= DATASET EXTRACT =
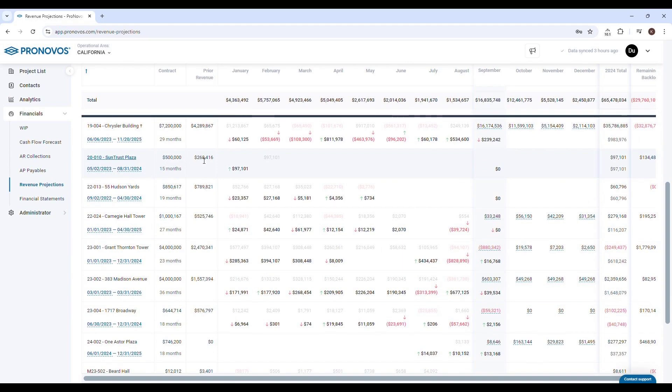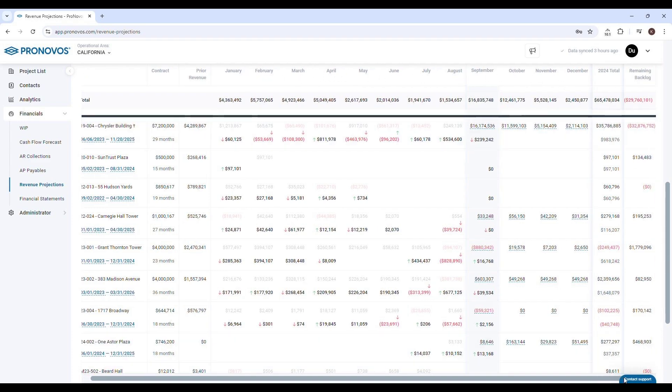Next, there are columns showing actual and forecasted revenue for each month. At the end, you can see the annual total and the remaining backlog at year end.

* * *

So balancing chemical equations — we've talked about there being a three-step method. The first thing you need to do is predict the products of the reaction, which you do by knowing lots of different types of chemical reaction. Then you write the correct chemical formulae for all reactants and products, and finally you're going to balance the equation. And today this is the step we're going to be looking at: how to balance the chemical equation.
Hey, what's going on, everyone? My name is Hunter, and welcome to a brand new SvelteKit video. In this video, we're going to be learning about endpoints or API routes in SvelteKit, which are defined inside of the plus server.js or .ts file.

= WHAT THE TASK ASKS =
The expected result is every line from the material above that includes "this".

= EXPECTED ANSWER =
So balancing chemical equations — we've talked about there being a three-step method. The first thing you need to do is predict the products of the reaction, which you do by knowing lots of different types of chemical reaction. Then you write the correct chemical formulae for all reactants and products, and finally you're going to balance the equation. And today this is the step we're going to be looking at: how to balance the chemical equation.
Hey, what's going on, everyone? My name is Hunter, and welcome to a brand new SvelteKit video. In this video, we're going to be learning about endpoints or API routes in SvelteKit, which are defined inside of the plus server.js or .ts file.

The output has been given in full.